Professors’ Brief Filed in Key Second Amendment Case Calls for Restoration of Privileges or Immunities Clause and Protection of Individual Right To Bear Arms Against State Infringement

by Elizabeth Wydra, Chief Counsel, and David Gans, Director of the Human Rights, Civil Rights, and Citizenship Program, Constitutional Accountability Center

Ten days ago, on the eve of the Sotomayor hearings, CAC filed a brief in the Supreme Court asking the Court to review a case presenting the issue of whether—and, if so, how—the Constitution protects against state infringement of the individual right to keep and bear arms recognized by the Court last year in District of Columbia v. Heller. While live-blogging the Sotomayor hearings kept us too busy last week to share the news of our brief, the hearings only reinforced the importance of the Second Amendment incorporation question and the need for a closer look at the Privileges or Immunities Clause, which itself was the subject of a brief, if confused, line of questioning by Senator Hatch.

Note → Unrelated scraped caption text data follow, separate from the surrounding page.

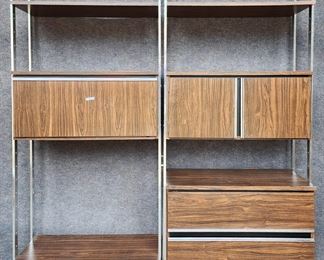 Mid Century 2 Piece Wall Unit Display Shelving Laminate
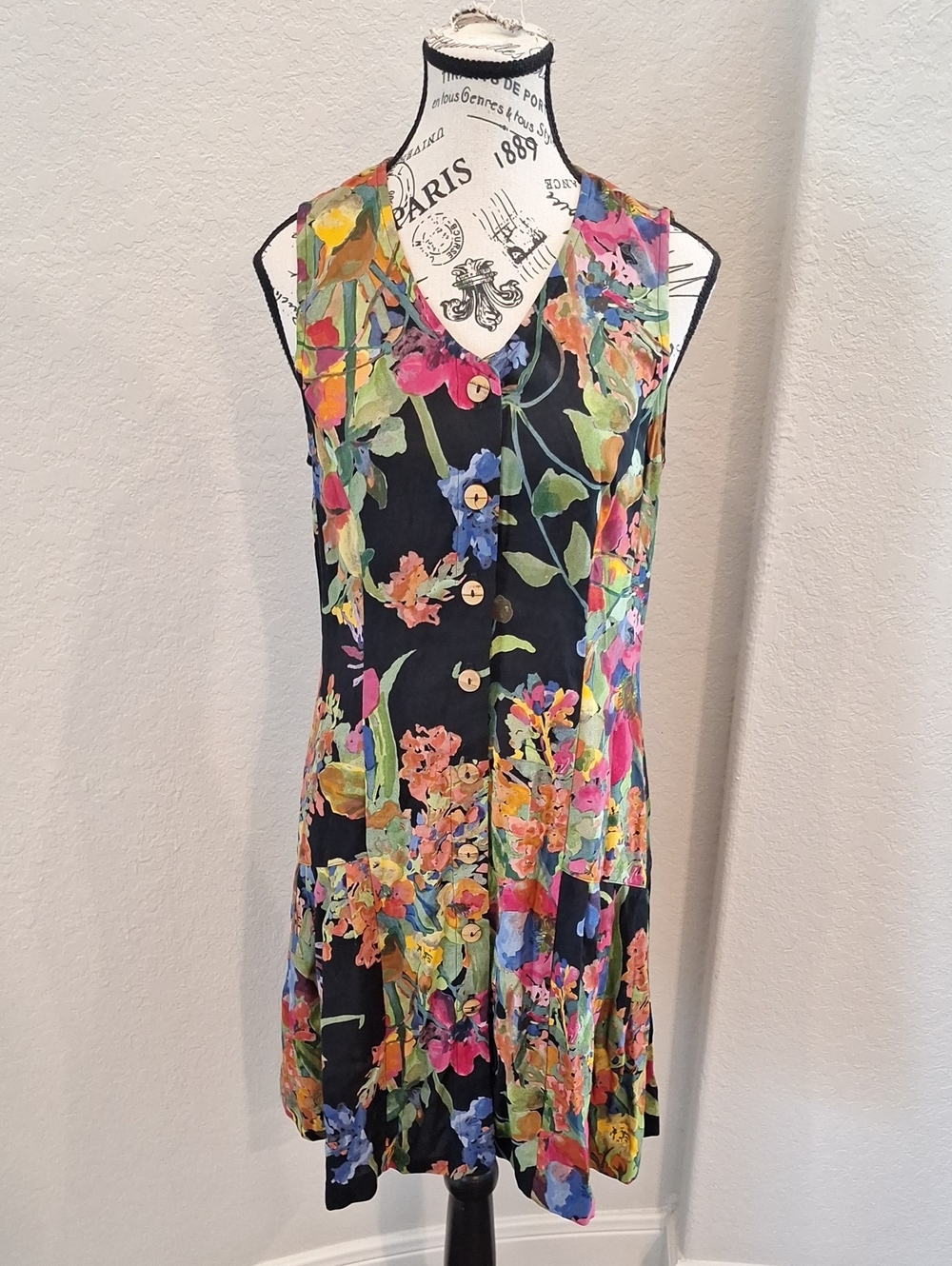 Vintage 90s Carole Little Dark Floral Sleeveless Dress Size 8 Made In USA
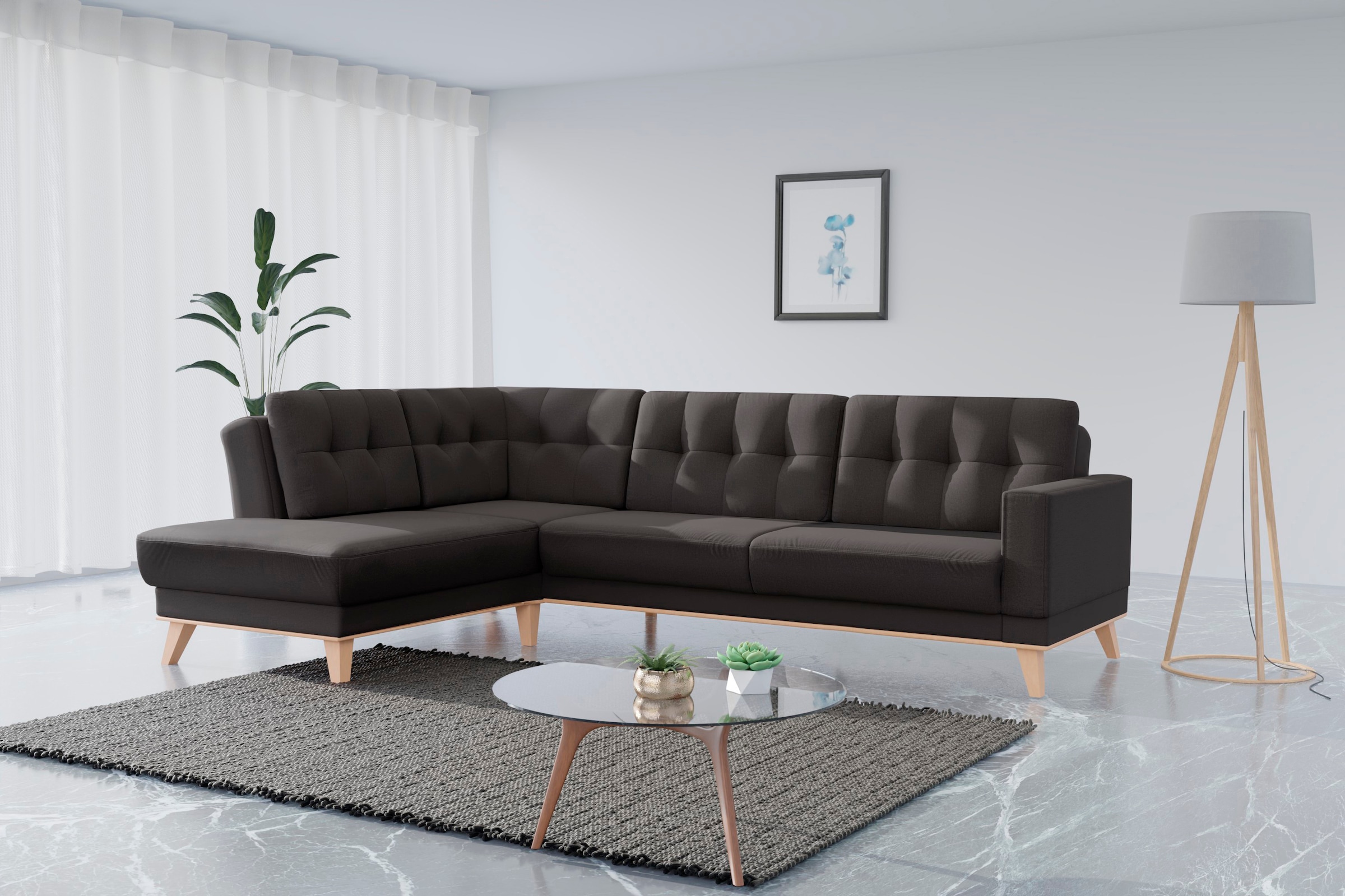 sit&more Ecksofa "Lavida L-Form" wahlweise mit Kippfunktion und Bettkasten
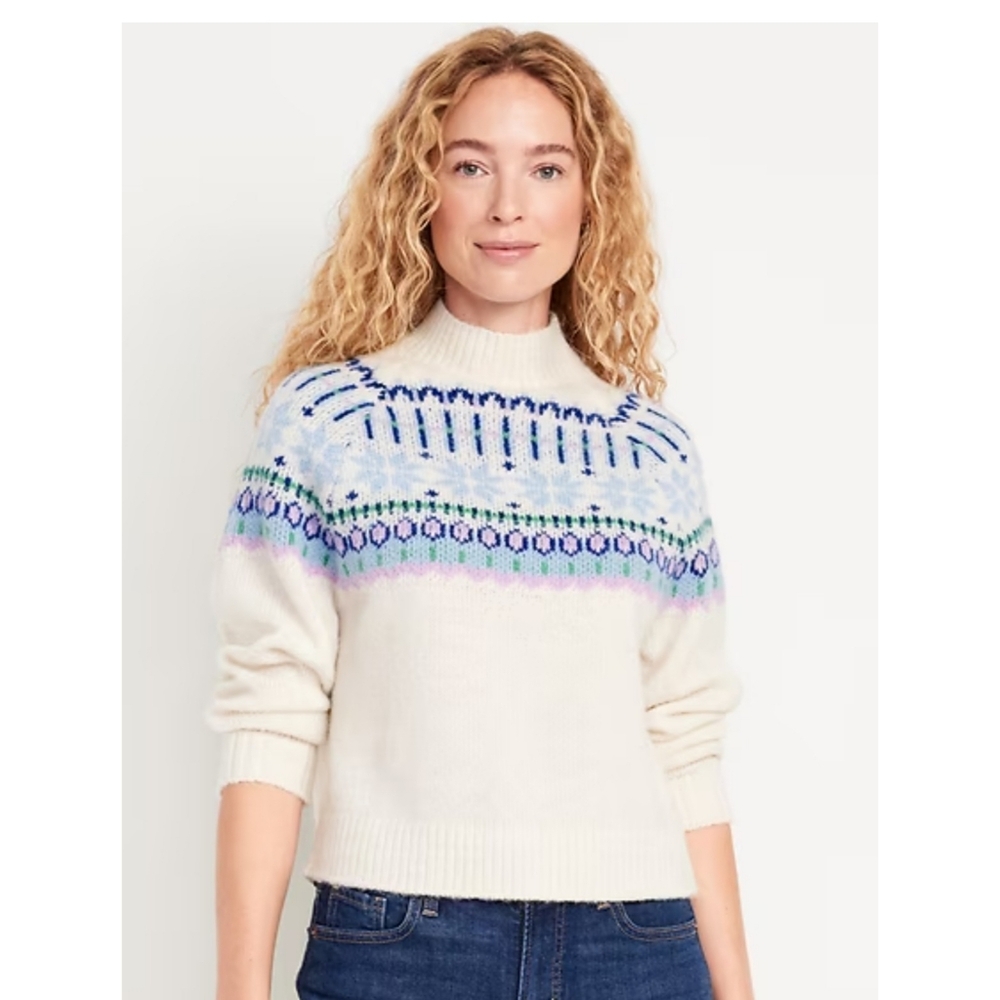 Old Navy Mock Neck Wool Blend Fair Isle Sweater White Size XXL
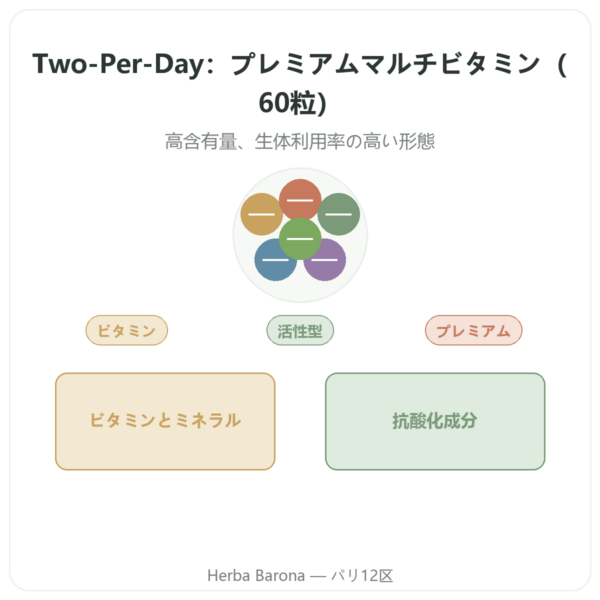 Two-Per-Day マルチビタミン – Life Extension – 60カプセル presentation Paris Herba Barona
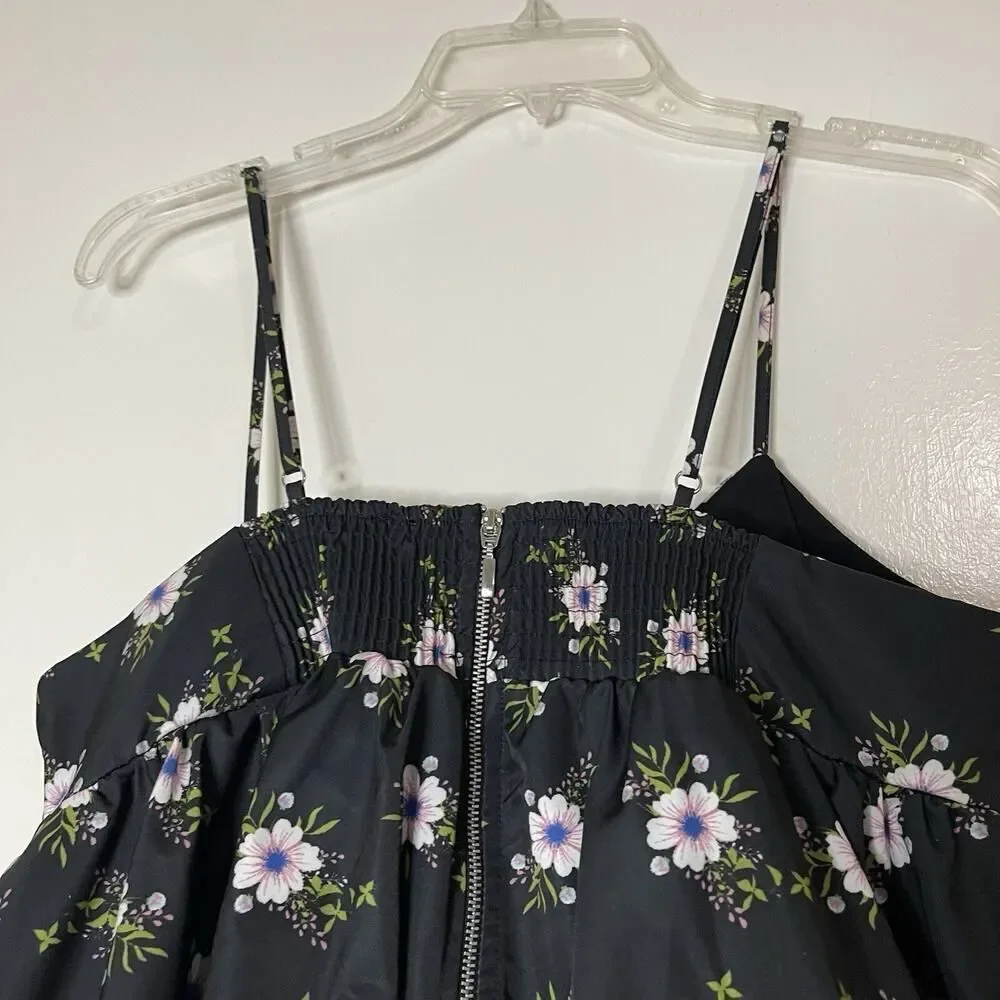 NEW! Free people In A Bubble Mini Dress black floral size medium $128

CAC’s “friend of the court” brief was filed in McDonald v. City of Chicago, a challenge to several Chicago-area municipal handgun bans on the ground that the Fourteenth Amendment requires state and local governments to respect the individual right to bear arms. CAC’s brief was filed on behalf of a coalition of prominent constitutional law professors of diverse ideologies, including Jack Balkin of Yale Law School and Georgetown’s Randy Barnett, as well as Richard Aynes, Michael Kent Curtis, Michael Lawrence, and Adam Winkler. The scholars on the brief represent a remarkable consensus that the Privileges or Immunities Clause of the Fourteenth Amendment protects substantive fundamental rights, but was essentially read out of existence by the Supreme Court in 19th-century rulings such as The Slaughter-House Cases and United States v. Cruikshank. As another preeminent scholar, Akhil Amar, has written, “[v]irtually no serious modern scholar—left, right, and center—thinks that this is a plausible reading of the Amendment.” CAC’s brief asks the Court to right Slaughter-House’s wrong and restore the Privileges or Immunities Clause to its proper constitutional place.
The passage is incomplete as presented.